> **INFORMATION SUPPLIED**:
--- START ---

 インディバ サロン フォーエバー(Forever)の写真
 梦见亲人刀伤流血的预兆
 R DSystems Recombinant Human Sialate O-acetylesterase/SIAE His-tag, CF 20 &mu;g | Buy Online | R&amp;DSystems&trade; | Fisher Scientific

--- END ---

> **WHAT YOU ARE ASKED TO DO**: When copying the data above, keep every line exactly as written.

> **EXERCISE SOLUTION**:
 インディバ サロン フォーエバー(Forever)の写真
 梦见亲人刀伤流血的预兆
 R DSystems Recombinant Human Sialate O-acetylesterase/SIAE His-tag, CF 20 &mu;g | Buy Online | R&amp;DSystems&trade; | Fisher Scientific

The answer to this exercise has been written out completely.